SOURCE INFORMATION Start Marker

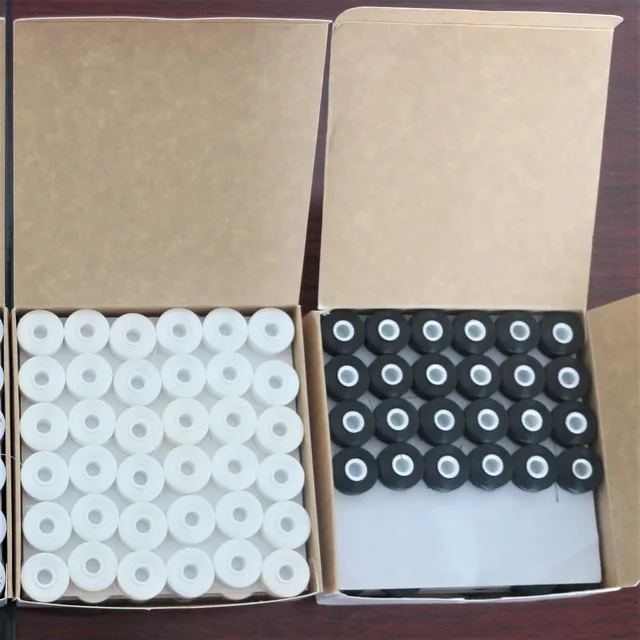 Pre-wound bobbin thread(sideless, L-type)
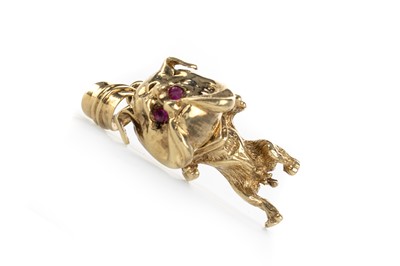 Lot 568 - BULLDOG PENDANT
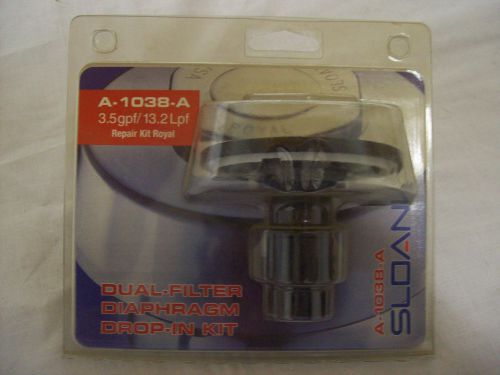 Sloan A-1038-A Repair Kit, Dual Filter Diaphram Drop In Kit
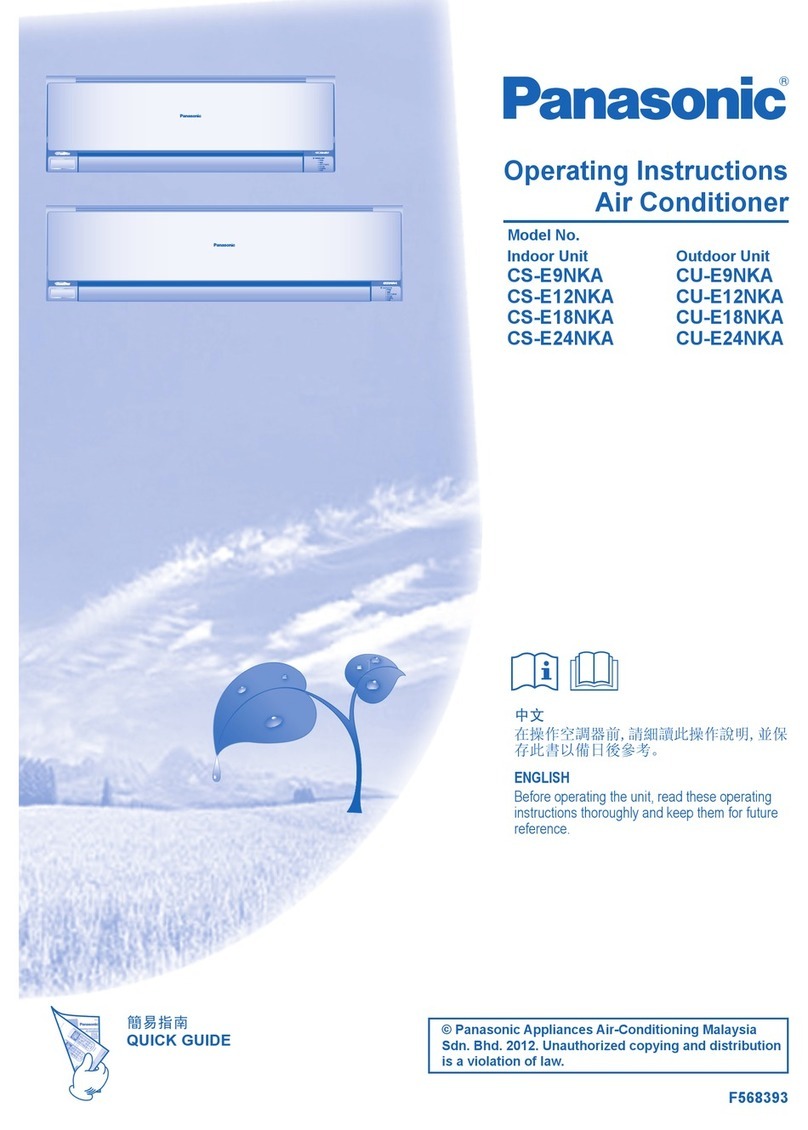 Panasonic CS-E9NKA User manual
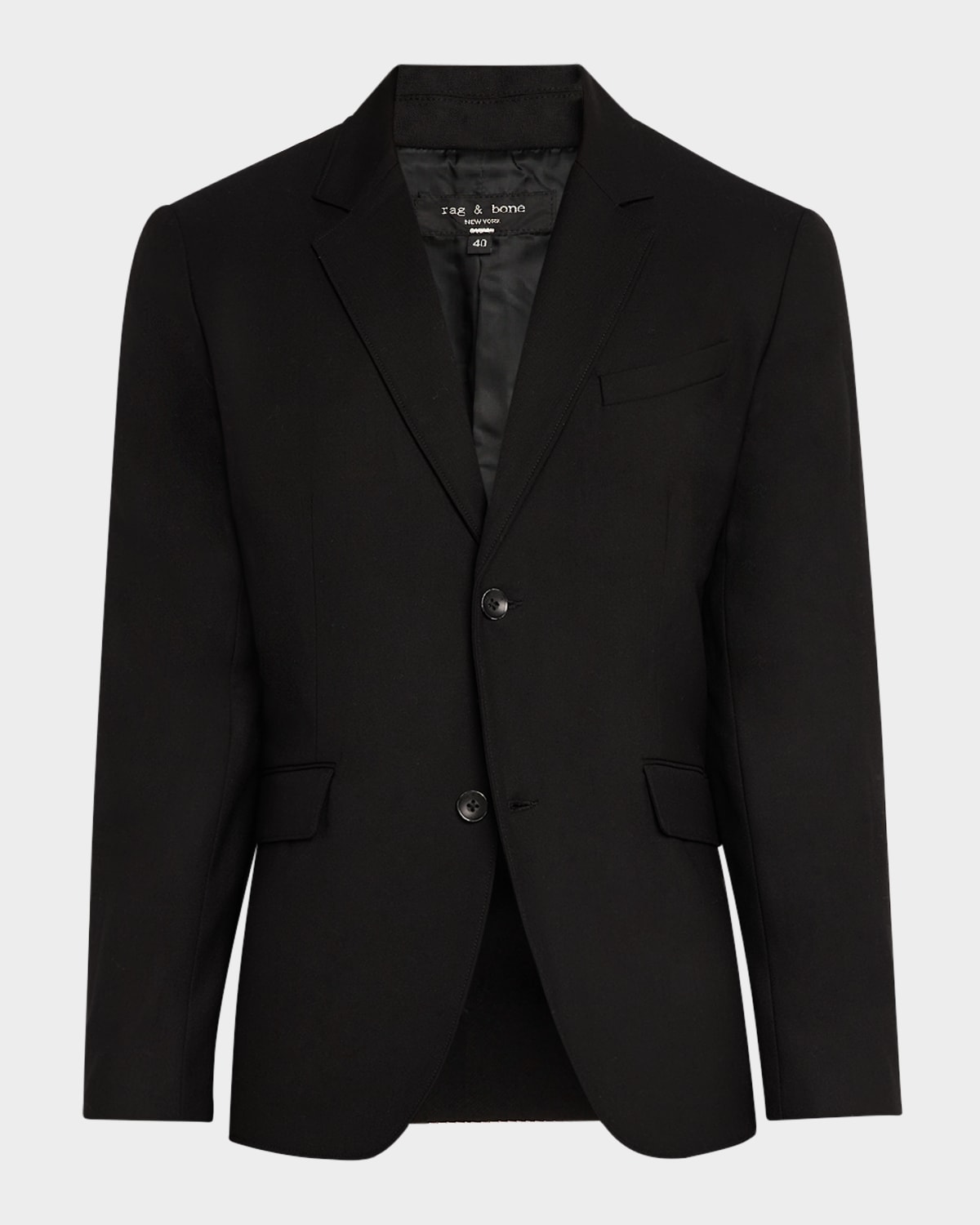 Rag & Bone Men's Butler Ripstop Wool Blazer In Black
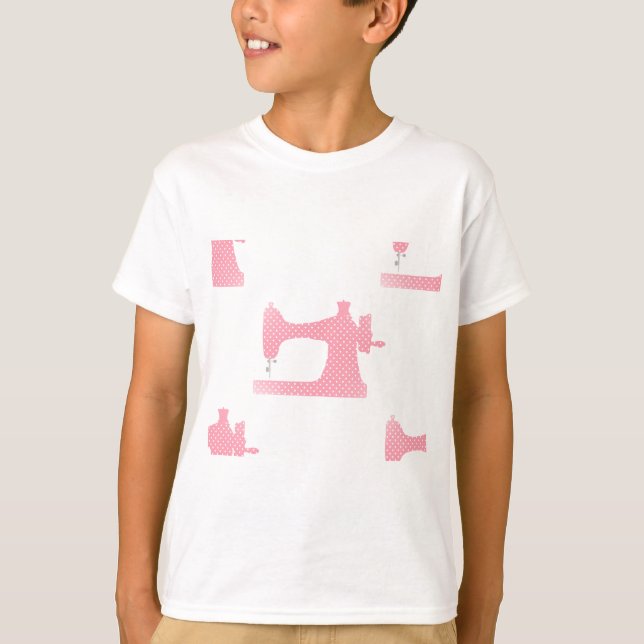 pink sewing machine T-Shirt (Front)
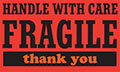 3 x 4 Inch (in) Size Fragile Shipping Label (ZZ-SCL-533)
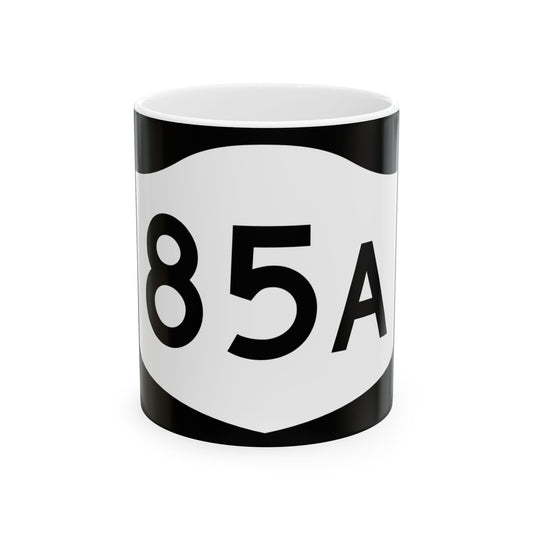 NY-85A (New York) (Road Sign) White Coffee Mug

SOURCE INFORMATION End Marker

AIM OF THE EXERCISE: Quote precisely the lines of the data from the line containing "Sloan A-1038-A Repair" through its final line, both included, excluding pictures.

ANSWER BOX:
 Sloan A-1038-A Repair Kit, Dual Filter Diaphram Drop In Kit
 Panasonic CS-E9NKA User manual
 Rag & Bone Men's Butler Ripstop Wool Blazer In Black
 pink sewing machine T-Shirt (Front)
 3 x 4 Inch (in) Size Fragile Shipping Label (ZZ-SCL-533)
 NY-85A (New York) (Road Sign) White Coffee Mug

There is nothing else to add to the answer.